U.S. chocolate maker Hershey Co is considering launching a bid of at least $17 billion for British chocolatier Cadbury Plc as it seeks to trump a hostile offer by Kraft Foods Inc, a source familiar with the matter said on Friday.
Hershey has lined up deal funding from Bank of America and JP Morgan Chase & Co to make a solo offer for Cadbury, but is also still weighing a joint bid with Italy's Ferrero Spa, the source said.
The interest from Hershey could add new pressure on Kraft to sweeten its $16.5 billion offer, which Cadbury rejected last week as derisory.
It's still very fluid and there are multiple prongs to this, the source told Reuters on condition of anonymity. It's still very early. But they need at least $17 billion to top Kraft.

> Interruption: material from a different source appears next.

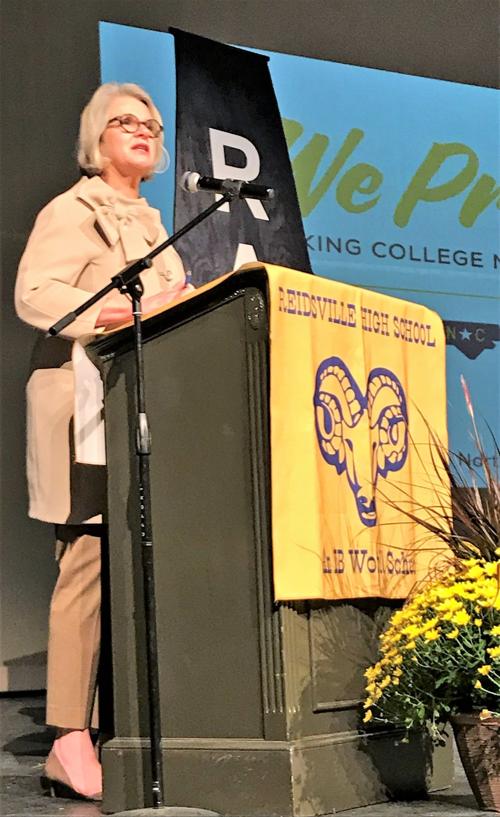 Spellings Urges Rock Students to Seize NC Promise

Citing people familiar with the matter, the Wall Street Journal reported on Friday afternoon that the impetus for the Hershey bid comes from the charitable trust controlling the company.

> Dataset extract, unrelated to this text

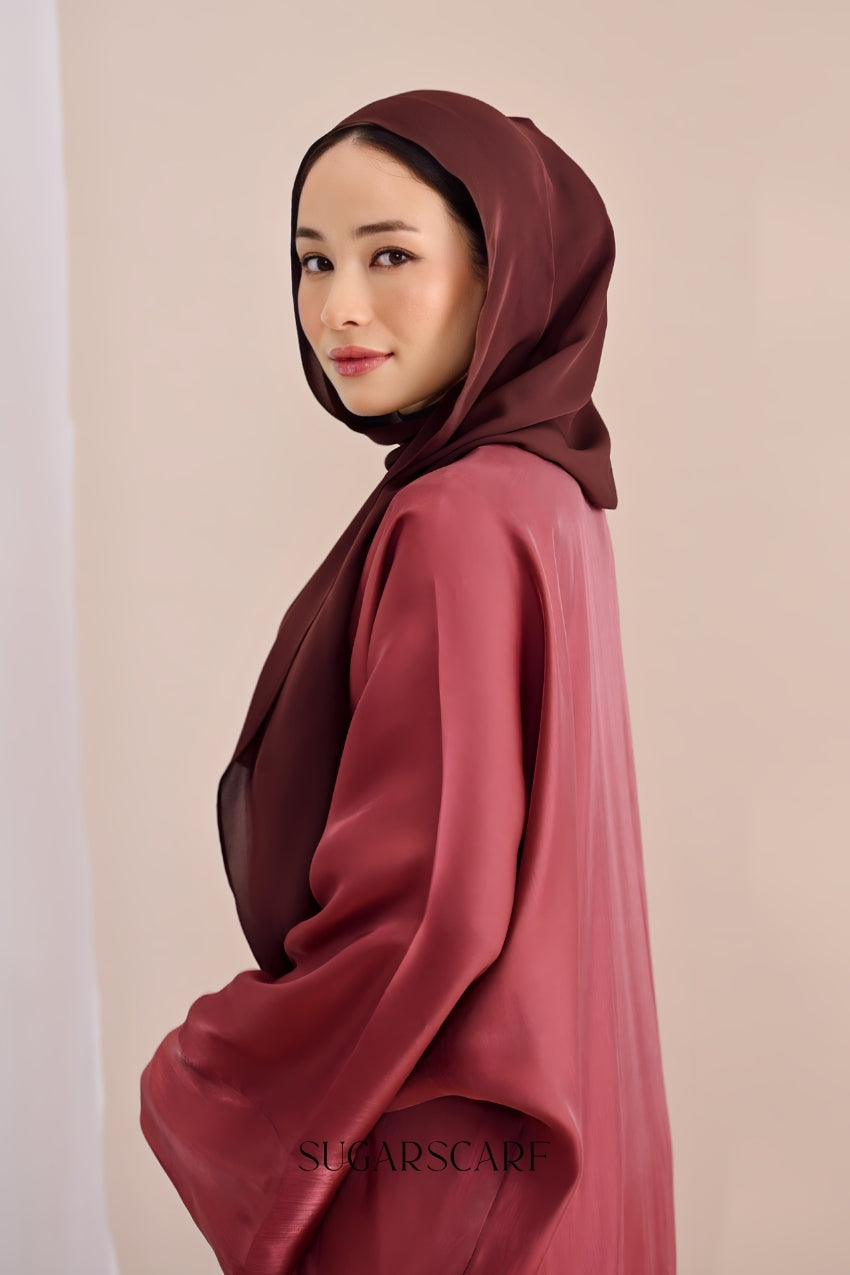 Noir Éclat Kate e The Scarfé Hood /Shawl 100%Silk in Crimson Glow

The trust is pushing Hershey Chief Executive David West to compete with Kraft's offer, but wants to structure a deal so that it remains in charge of Hershey, the report said.
Officials for the Hershey Trust were not immediately available for comment. Hershey, Kraft and Cadbury declined to comment.
A solo Hershey bid would be the most transformative move the company has made in its 100-year history. The company's market capitalization stands at $8.3 billion, while Cadbury is valued at $18.1 billion.
Given that they generate 85 percent of their sales form the domestic market, gaining access to Cadbury's platform would be highly advantageous, said Erin Swanson, analyst at Morningstar, noting Cadbury's presence in emerging markets.
She added that Hershey would be able to expand its candy and gum business. But a deal would mainly aim to capture new growth as there is little overlap between the companies' businesses and therefore slim opportunity for cost savings.
A RISK-AVERSE TRUST
Hershey's offer could include at least $10 billion in cash from Hershey and $2 billion in new Hershey shares, plus $3 billion to $5 billion from outside investors in exchange for equity in Hershey, according to the Journal.
That would trump the $6.74 billion in cash indicated in Kraft's cash and stock offer for Cadbury, though Kraft has secured $9.2 billion in financing and could raise the cash component of its offer.
But one source familiar with the situation questioned whether Hershey was getting ahead of itself.
Buying a company more than twice its size could be a risk and the Trust has previously shied away from risk, given its mandate, the source said.
A key figure in any Hershey bid is Byron Trott, a favorite banker to legendary investor Warren Buffett, whose Berkshire Hathaway is the largest investor in Kraft. The Kraft connection goes further, as West is formerly an executive of the world's No. 2 food maker.
Hershey, which tried and failed to combine with Cadbury in 2007, is also being advised by Jamie Grant, brother to actor Hugh Grant, as well as Watch Hill Partners, a boutique firm acquired by FBR Capital Markets earlier this year.
Earlier this week, Hershey disclosed it was considering a bid for Cadbury and sources familiar with the matter said it was also discussing a potential joint offer with Ferrero.
A source familiar with the situation told Reuters that the two companies have weighed breaking the UK confectioner up into separate businesses as part of a friendly, all-cash bid.
But both Ferrero and Hershey have interest in Cadbury's chocolate business, while Cadbury may not be keen on a friendly bid if it calls for a break-up of the company.